What to produce -
Transcribe the listing exactly, skipping every picture.

Data -
+---+
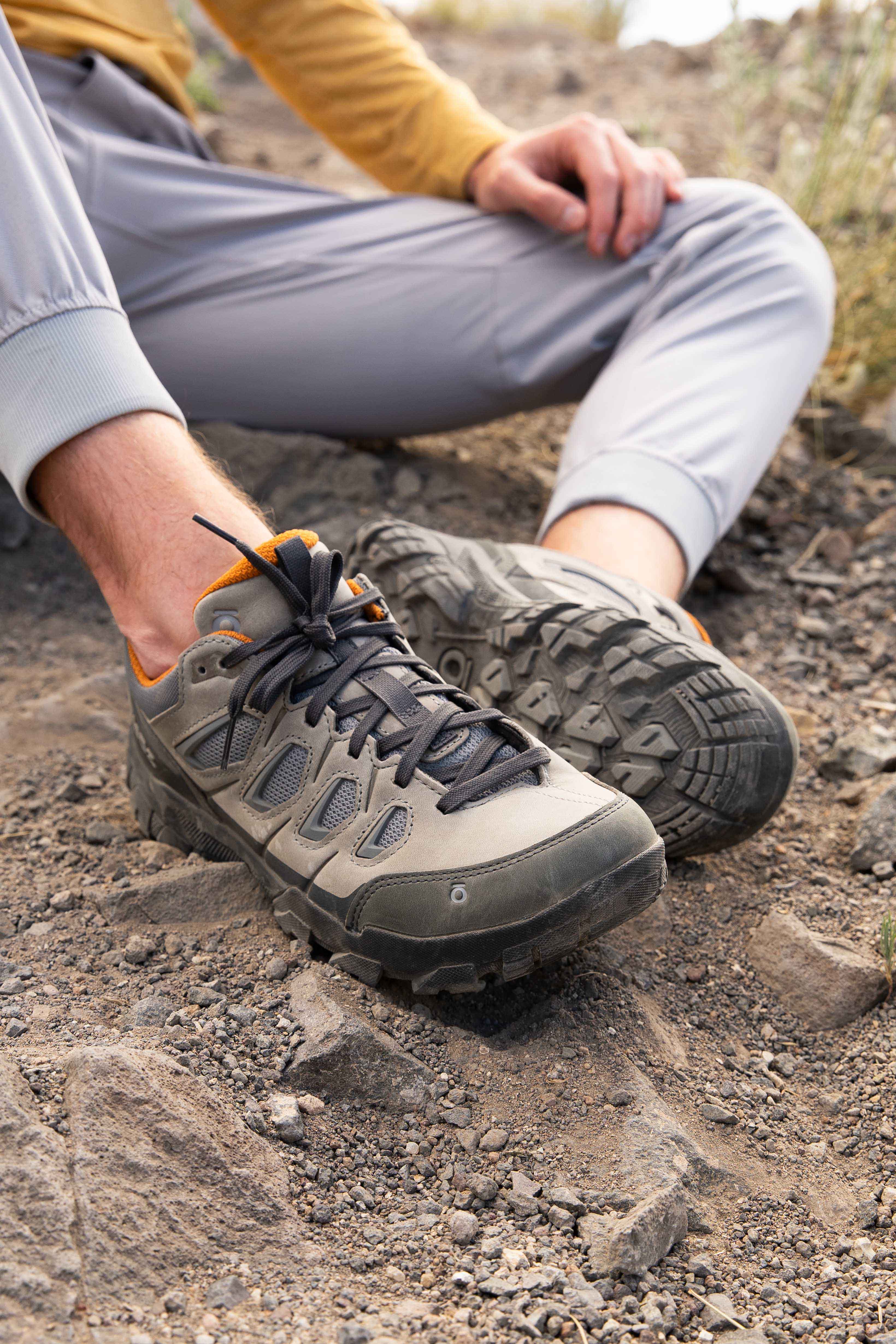 Oboz Sawtooth X Low hiking boots in Hazy Gray.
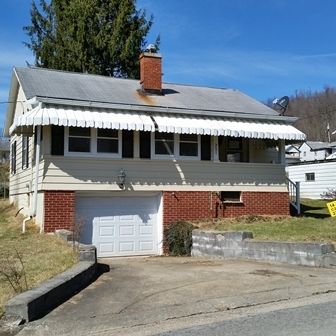 321 Second St, Carolina, WV 26563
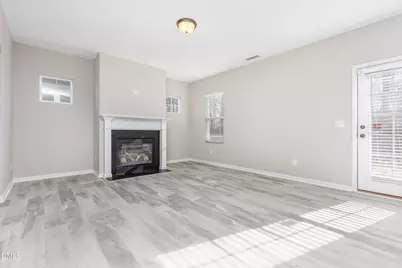 240 E Quailwood Drive, Fuquay Varina, NC 27526 - Photo 7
+---+
Answer for this exercise -
 Oboz Sawtooth X Low hiking boots in Hazy Gray.
 321 Second St, Carolina, WV 26563
 240 E Quailwood Drive, Fuquay Varina, NC 27526 - Photo 7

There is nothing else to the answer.